### PROMPT
Only the lines from the "Snapshot of Skarlet_Adams28" line through the last line of the material below belong in the answer, reproduced exactly and with no pictures.

### DATA SECTION
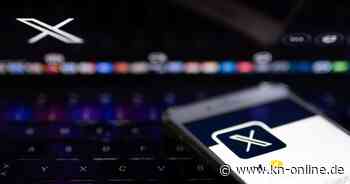 Richter hebt Sperrung von X in Brasilien auf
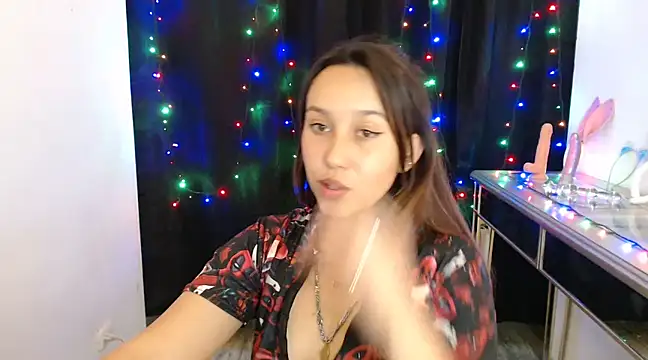 Snapshot of Skarlet_Adams28 chatting on 15, 1, 2025 Skarlet Adams28 online show from 15, 1, 2025
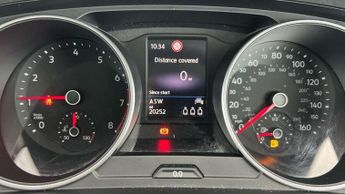 Volkswagen Tiguan 1.5 TSI 150 Life 5dr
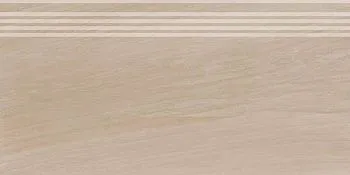 Фронтальная ступень Слим Вуд SG226100R/GR беж обрезной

### SOLUTION
 Snapshot of Skarlet_Adams28 chatting on 15, 1, 2025 Skarlet Adams28 online show from 15, 1, 2025
 Volkswagen Tiguan 1.5 TSI 150 Life 5dr
 Фронтальная ступень Слим Вуд SG226100R/GR беж обрезной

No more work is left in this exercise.